「キッチン」ではない。「台所」でもない。細長い囲炉縁(いろぶち)(囲炉裏)の横にはムシロの敷かれた板場(いたば)(板の間)があり、食事時になると飯台が出された。幼い私達三姉妹は腰の曲ったばあちゃんの「ほらあ ねらぁー(おまえ達)、まんまだぞぉー。」のひと声で、そこへ集まって来て食事をするのだ。当時は七人家族だったが商売をやっていたので七人がいっしょに食卓につくことはなく、子供達が先に済ませる。その、ぶ厚い一枚板の飯台も あちこちに亀裂が入っていたし、鼻を近づけると、いろいろな料理が浸み込んだような臭いすらしたものだ。

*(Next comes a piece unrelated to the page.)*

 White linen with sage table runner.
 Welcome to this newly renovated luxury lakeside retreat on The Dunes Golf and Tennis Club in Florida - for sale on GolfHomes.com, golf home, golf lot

最初から あめ色に塗ったのではなく鍋からこぼれた汁や茶碗から落ちた食べ物が長い年月と共に いつの間にか臭いといっしょに飯台全体をあめ色に染めてしまったかのようだった。そこは一家団欒の場となることもなく、皆の食事が済めば、すぐ部屋の片隅に立て掛けられ、天井から吊るされた裸電球も消された。おそらく、そこは部屋ではなかったようで間仕切りの戸もなく、二階への階段は見えていたし木のふたをした内井戸もあり、豆腐の製造販売をしていたので、そこで作業中の母の後ろ姿もかいま見ることができる場所だった。そんなゴチャゴチャした風景の中でも飯台を出すと、一家には“まんまを食う所”になってしまう。そして、その飯台の上によく登場したのが、ばあちゃんの作った“なすの味噌炒め”。なぜか、この料理がまず一番に思い浮かぶ。何のことはない、材料は、なすと味噌。味噌はどこの家でも自家製だったと思う。私は、そのなす炒めに入っている少しトロっとして、少し甘みもあった味噌が好きで空鍋になっても、またちょっとばかりご飯を入れて鍋の内側にこびりついている味噌となすの切れっぱしなんかもいっしょに混ぜ合わせて食べたものだ。今でも時々作るのだけれど、あの頃食べた味とは何かが、どこかが違う。もう自家製の味噌ではないので、もしかしたら味噌の違いかな? それも考えられる。ところが去年の夏、使い残しの大葉をちょっとアクセントにと思い、刻んでなすの味噌炒めに入れたところ、何と!!
一気に昔の記憶が甦ったのだ。これこれ!!
この、鼻をくすぐるような甘味噌に混じった大葉の香り。いや、昔は“大葉”なんて言わなかった。“シソ”“シソの葉”と言っていたではないか!! その薄っぺらな、ほんの数枚のシソの葉を入れただけで、大袈裟だけれど何十年も前の記憶と味が口の中いっぱいに広がるなんて――。これだよね?ばあちゃん!!そういえば、おにぎりに味噌をぬって海苔の代わりにシソの葉をペタッと貼りつけ、七輪の上に金アミを渡して焼きおにぎりにもしてくれたっけ。そうだよね?ばあちゃん!! それも旨かったなあ――。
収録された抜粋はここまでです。